A historian must not hesitate if his books lend aid and comfort to the Queen's enemies [...] or even the common enemies of mankind. For my part I would even record facts which told in favour of the British government if I had find any to record (goak again).
AJP Taylor, The Origins of the Second World War. (London : Penguin, 1991 [1963]).*
O livro do Manuel Loff que resultou
nesta entrevista ao DN que o Carlos Leone me desafiou a comentar terá certamente (até pelo tamanho) alguns pontos de valor. Na entrevista ao DN, no entanto, Loff cai numa série de equívocos que se podem resumir no tipo de abordagem nacionalista ou progressista à história que Taylor critica.
O primeiro equívoco de Loff é o de que o historiador não deve branquear o regime fascista de Salazar. Ora, essa não é uma questão que se deva sequer colocar.
Se o conceito de fascismo é para ser usado como insulto político então, nesse sentido pejorativo, não tem lugar na história. Se é para ter alguma utilidade analítico, então os historiadores, politólogos, e cientistas sociais vários, devem ter toda a liberdade para discutir que sentido dão ao conceito de fascismo, e se é operacional a sua aplicação ao regime de Salazar (no todo ou em parte).
Loff cita na entrevista autores que são activistas políticos (e não historiadores) e que dizem que Salazar não é fascista, mas não para o branquear ou absolver (como o próprio Loff diz adiante) e sim para criticar Salazar. Ou seja, consideram que Salazar devia ser/ter sido fascista! Portanto, não vejo o que esta referência adiante ao argumento.

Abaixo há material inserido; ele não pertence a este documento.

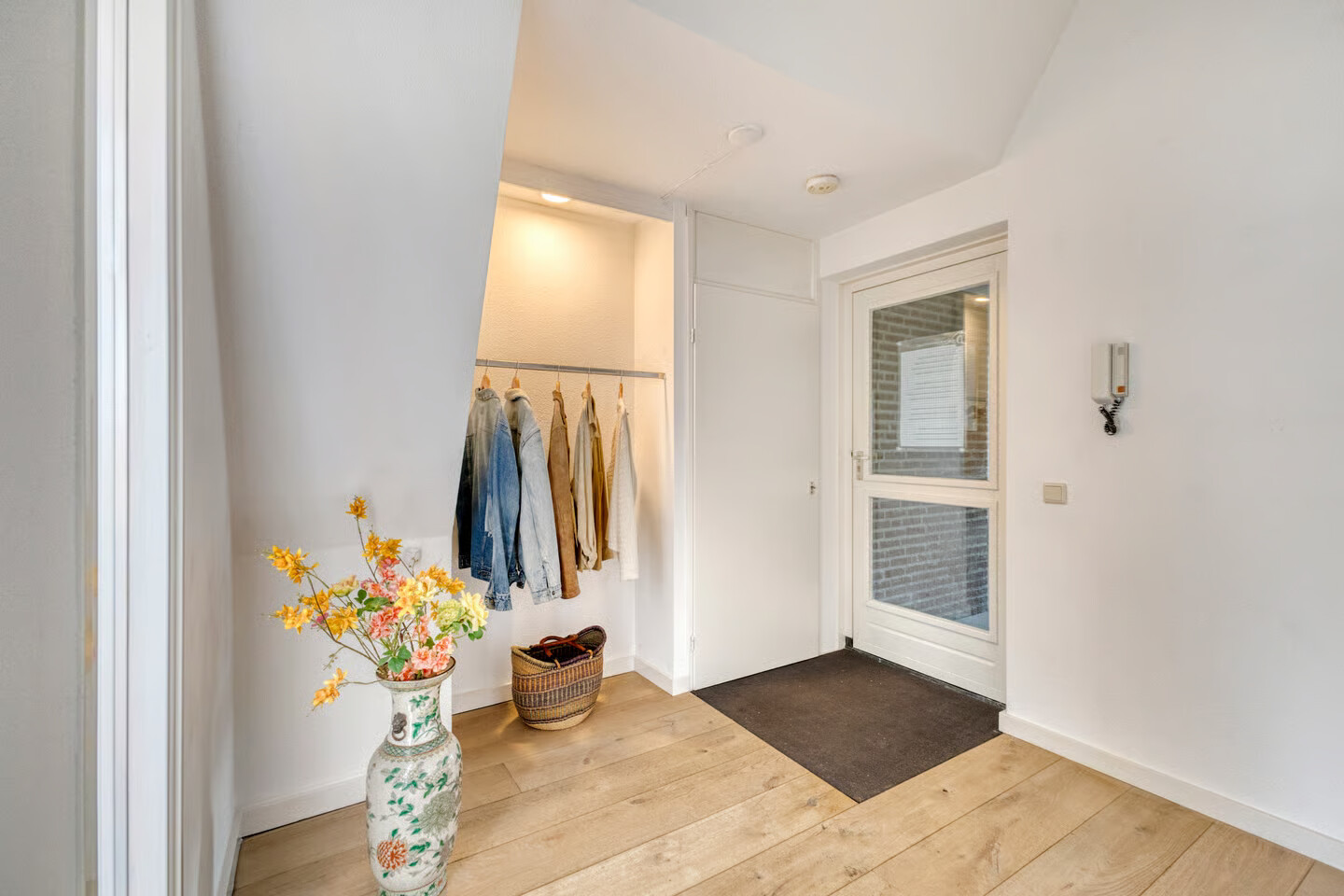 Appartement te koop: Breedstraat 16L, Alkmaar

Salazar é, aparentemente, um fascista que nunca (como Loff acaba por deixar claro) afirmou sê-lo. Um fascista que não só prende fascistas, mas, sobretudo, acaba com o partido fascista (Nacional-Sindicalista) que existia em Portugal. É, no mínimo, um fascista problemático. Mas aparentemente não se pode problematizar. Não se pode chegar a outra conclusão que não seja que Salazar é fascista, se não branqueamos o ditador!
Finalmente, Loff refere como umas das grandes provas esquecidas de que Salazar era mesmo fascista um ofício de 1941 do Conde de Tovar (representante diplomático portugês na Berlim de Hitler), que a dada altura afirma que não há dois regimes mais semelhantes na Europa do que o Estado Novo e o III Reich!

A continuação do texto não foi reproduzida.